* _What the task requires_
In the data below, locate the line containing "Modern green luxury" and the line containing "陡峭的岩层高耸在阳光下，郁郁葱葱，乡村绿色景观，斯里兰卡，西格里亚", then retype both and everything between them exactly. Pictures are not part of the copy.
**** Available data ****
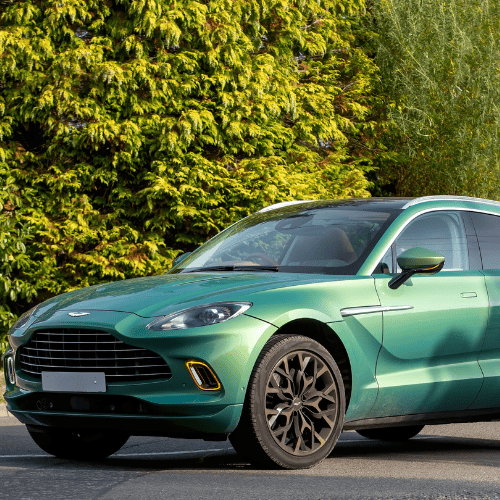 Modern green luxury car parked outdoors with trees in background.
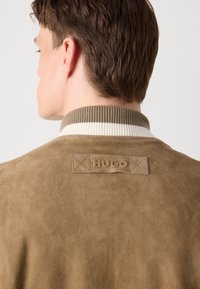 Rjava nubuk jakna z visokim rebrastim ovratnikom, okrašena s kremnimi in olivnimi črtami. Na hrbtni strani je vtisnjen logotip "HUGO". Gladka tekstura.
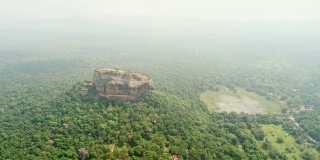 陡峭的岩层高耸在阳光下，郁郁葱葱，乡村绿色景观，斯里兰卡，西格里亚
****
**** Available data ****
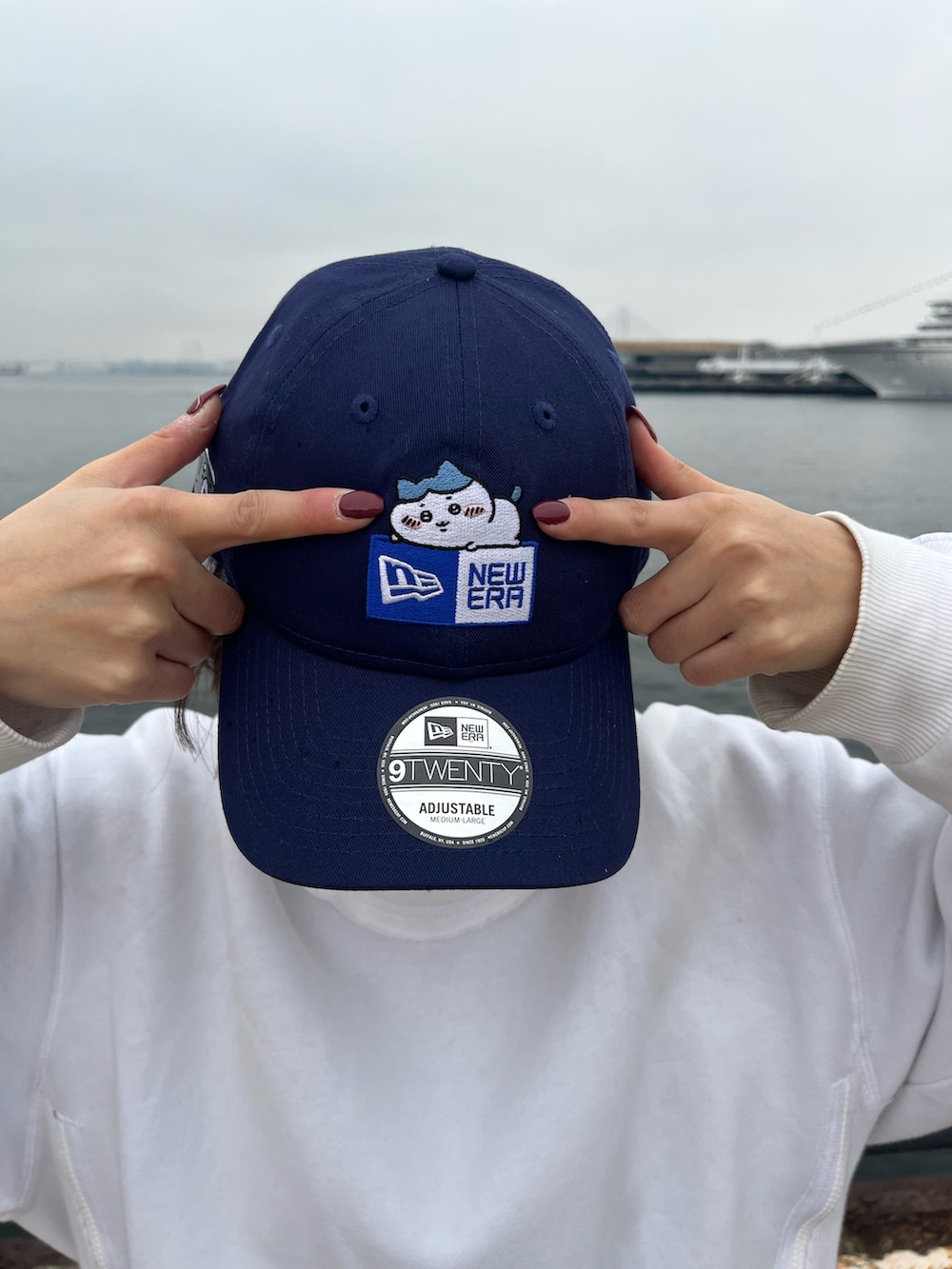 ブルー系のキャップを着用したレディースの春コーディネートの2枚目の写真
****
* _Answer section_
 Modern green luxury car parked outdoors with trees in background.
 Rjava nubuk jakna z visokim rebrastim ovratnikom, okrašena s kremnimi in olivnimi črtami. Na hrbtni strani je vtisnjen logotip "HUGO". Gladka tekstura.
 陡峭的岩层高耸在阳光下，郁郁葱葱，乡村绿色景观，斯里兰卡，西格里亚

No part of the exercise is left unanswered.